DATA EXCERPT:

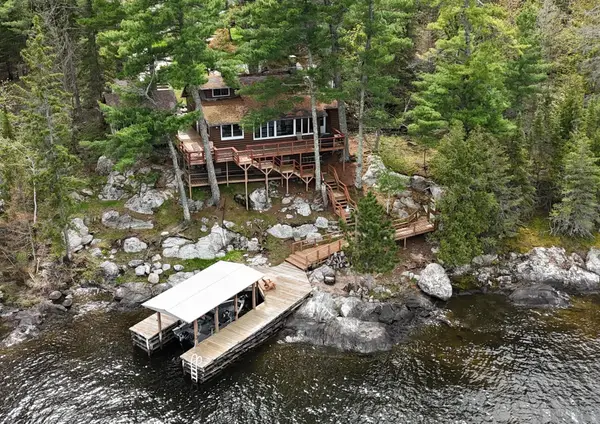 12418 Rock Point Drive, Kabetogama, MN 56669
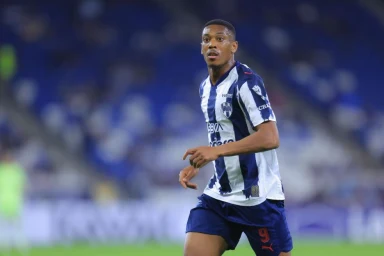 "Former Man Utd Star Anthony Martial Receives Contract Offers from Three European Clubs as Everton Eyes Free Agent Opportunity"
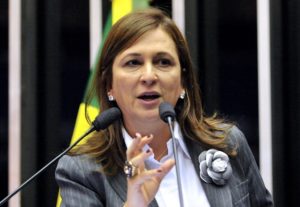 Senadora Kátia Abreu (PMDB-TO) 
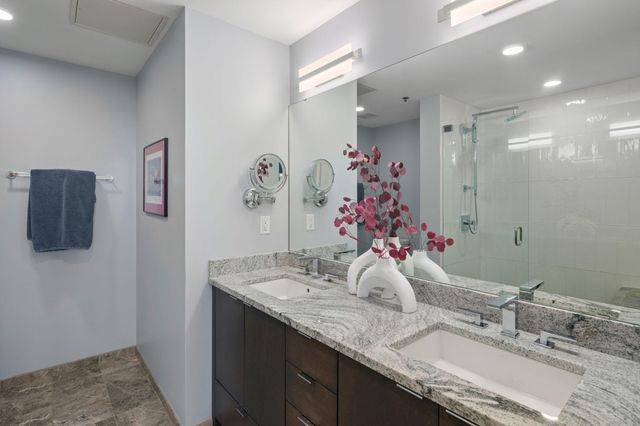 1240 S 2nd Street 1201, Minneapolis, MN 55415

PROBLEM TO WORK ON: Line by line, return the listing above exactly, dropping every picture.

RESULT:
 12418 Rock Point Drive, Kabetogama, MN 56669
 "Former Man Utd Star Anthony Martial Receives Contract Offers from Three European Clubs as Everton Eyes Free Agent Opportunity"
 Senadora Kátia Abreu (PMDB-TO) 
 1240 S 2nd Street 1201, Minneapolis, MN 55415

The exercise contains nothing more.